From 436882e96e6f07cfb0111121d825f17a87eedd18 Mon Sep 17 00:00:00 2001
From: dhruviyer <iyer.dhruv99@gmail.com>
Date: Fri, 10 Jan 2025 00:28:39 -0800
Subject: [PATCH 06/10] remove debug level in filter example

---
 examples/op_examples/filter.py | 1 -
 1 file changed, 1 deletion(-)

diff --git a/examples/op_examples/filter.py b/examples/op_examples/filter.py
index 1580c7f4..f20aa593 100644
--- a/examples/op_examples/filter.py
+++ b/examples/op_examples/filter.py
@@ -6,7 +6,6 @@
 lm = LM(model="gpt-4o-mini")
 
 lotus.settings.configure(lm=lm)
-lotus.logger.setLevel("DEBUG")
 
 data = {
     "Course Name": [

From e0640e9a00e6602b88298d5bbfe34b6acf680a11 Mon Sep 17 00:00:00 2001
From: dhruviyer <iyer.dhruv99@gmail.com>
Date: Fri, 10 Jan 2025 00:35:30 -0800
Subject: [PATCH 07/10] fix mypy errors

---
 lotus/sem_ops/postprocessors.py | 12 ++++++------
 1 file changed, 6 insertions(+), 6 deletions(-)

diff --git a/lotus/sem_ops/postprocessors.py b/lotus/sem_ops/postprocessors.py
index 70baedfd..0472a010 100644
--- a/lotus/sem_ops/postprocessors.py
+++ b/lotus/sem_ops/postprocessors.py
@@ -20,19 +20,19 @@ def cot_postprocessor(llm_answers: list[str]):
             answer = root.find(".//Answer")
 
             if answer is not None and answer.text:
-                answer = answer.text.strip()
+                answer_str = answer.text.strip()
             else:
                 lotus.logger.error(f"\t Failed to parse answer from: {llm_answer}")
-                answer = ""
+                answer_str = ""
 
             if reasoning is not None and reasoning.text:
-                reasoning = reasoning.text.strip()
+                reasoning_str= reasoning.text.strip()
             else:
                 lotus.logger.debug(f"\t Unable to extract reasoning from: {llm_answer}. Was CoT used?")
-                reasoning = None
+                reasoning_str = None
 
-            explanations.append(reasoning)
-            outputs.append(answer)
+            explanations.append(reasoning_str)
+            outputs.append(answer_str)
 
         except ET.ParseError:
             lotus.logger.debug(f"\t XML error parsing: {llm_answer}")

From 06857687d9f048795bf6700a0d1a80379f22b702 Mon Sep 17 00:00:00 2001
From: dhruviyer <iyer.dhruv99@gmail.com>
Date: Fri, 10 Jan 2025 17:53:09 -0800
Subject: [PATCH 08/10] prompt LLM to generate valid XML

---
 lotus/templates/task_instructions.py | 5 ++++-
 1 file changed, 4 insertions(+), 1 deletion(-)

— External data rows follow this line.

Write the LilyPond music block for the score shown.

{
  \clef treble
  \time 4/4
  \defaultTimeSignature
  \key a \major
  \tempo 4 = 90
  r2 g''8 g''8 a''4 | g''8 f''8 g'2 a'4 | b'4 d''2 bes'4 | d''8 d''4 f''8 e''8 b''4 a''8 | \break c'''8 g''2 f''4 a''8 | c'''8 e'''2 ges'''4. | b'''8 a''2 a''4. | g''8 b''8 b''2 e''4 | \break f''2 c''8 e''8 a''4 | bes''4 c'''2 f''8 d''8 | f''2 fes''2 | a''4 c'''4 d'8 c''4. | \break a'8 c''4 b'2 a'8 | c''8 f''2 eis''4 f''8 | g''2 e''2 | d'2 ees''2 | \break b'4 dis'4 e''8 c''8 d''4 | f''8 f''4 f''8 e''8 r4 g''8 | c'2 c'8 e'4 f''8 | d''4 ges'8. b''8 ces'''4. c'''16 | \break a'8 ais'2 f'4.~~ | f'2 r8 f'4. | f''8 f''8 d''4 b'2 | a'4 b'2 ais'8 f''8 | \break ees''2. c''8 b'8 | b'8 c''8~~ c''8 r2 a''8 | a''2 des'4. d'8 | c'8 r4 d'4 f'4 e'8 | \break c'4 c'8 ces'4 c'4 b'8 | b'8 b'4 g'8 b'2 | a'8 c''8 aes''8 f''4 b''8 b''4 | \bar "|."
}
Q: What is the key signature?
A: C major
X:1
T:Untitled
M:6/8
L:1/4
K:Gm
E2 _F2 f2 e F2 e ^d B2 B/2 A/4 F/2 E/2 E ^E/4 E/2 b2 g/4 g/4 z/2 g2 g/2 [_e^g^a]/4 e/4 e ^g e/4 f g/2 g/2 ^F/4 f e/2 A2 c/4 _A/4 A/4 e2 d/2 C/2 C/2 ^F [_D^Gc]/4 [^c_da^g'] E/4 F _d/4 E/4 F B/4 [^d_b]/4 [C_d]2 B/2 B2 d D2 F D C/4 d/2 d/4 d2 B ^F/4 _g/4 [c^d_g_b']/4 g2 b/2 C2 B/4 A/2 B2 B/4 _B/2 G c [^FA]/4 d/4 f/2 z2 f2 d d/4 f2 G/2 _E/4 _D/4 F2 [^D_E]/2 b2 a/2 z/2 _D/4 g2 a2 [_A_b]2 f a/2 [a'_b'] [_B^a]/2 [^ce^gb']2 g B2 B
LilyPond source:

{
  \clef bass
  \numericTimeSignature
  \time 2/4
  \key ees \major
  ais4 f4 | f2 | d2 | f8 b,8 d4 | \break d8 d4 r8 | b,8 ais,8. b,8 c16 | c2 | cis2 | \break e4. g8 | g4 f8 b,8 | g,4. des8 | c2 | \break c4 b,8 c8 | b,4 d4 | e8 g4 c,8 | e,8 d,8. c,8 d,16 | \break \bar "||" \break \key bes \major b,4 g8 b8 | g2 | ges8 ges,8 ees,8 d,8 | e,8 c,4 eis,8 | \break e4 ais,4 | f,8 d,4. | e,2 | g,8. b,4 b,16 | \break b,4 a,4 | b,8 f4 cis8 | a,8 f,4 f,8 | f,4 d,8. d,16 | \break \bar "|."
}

diff --git a/lotus/templates/task_instructions.py b/lotus/templates/task_instructions.py
index 680da4ba..9351866f 100644
--- a/lotus/templates/task_instructions.py
+++ b/lotus/templates/task_instructions.py
@@ -21,6 +21,8 @@ def cot_prompt_formatter(reasoning_instructions: str = "", answer_instructions:
     answer_instructions = f"Provide your answer here. {answer_instructions}"
     return f"""Let's think step by step. Use the following format to provide your answer:
         {cot_formatter(reasoning_instructions, answer_instructions)}
+
+        Your response must be valid XML format.
         """
 
 
@@ -28,7 +30,8 @@ def non_cot_prompt_formatter(answer_instructions: str = "") -> str:
     answer_instructions = f"Provide your answer here. {answer_instructions}"
     return f"""Use the following format to provide your answer:
             {answer_only_formatter(answer_instructions)}
-            """
+            
+            Your response must be valid XML format."""
 
 
 def context_formatter(

From 2d7df7a97a38eec7ad41b4bde1f77b800566c453 Mon Sep 17 00:00:00 2001
From: dhruviyer <iyer.dhruv99@gmail.com>
Date: Mon, 13 Jan 2025 17:34:39 -0800
Subject: [PATCH 09/10] revert using XML for CoT

---
 lotus/sem_ops/postprocessors.py      | 36 +++++++++-------------------
 lotus/templates/task_instructions.py | 15 +++++-------
 2 files changed, 17 insertions(+), 34 deletions(-)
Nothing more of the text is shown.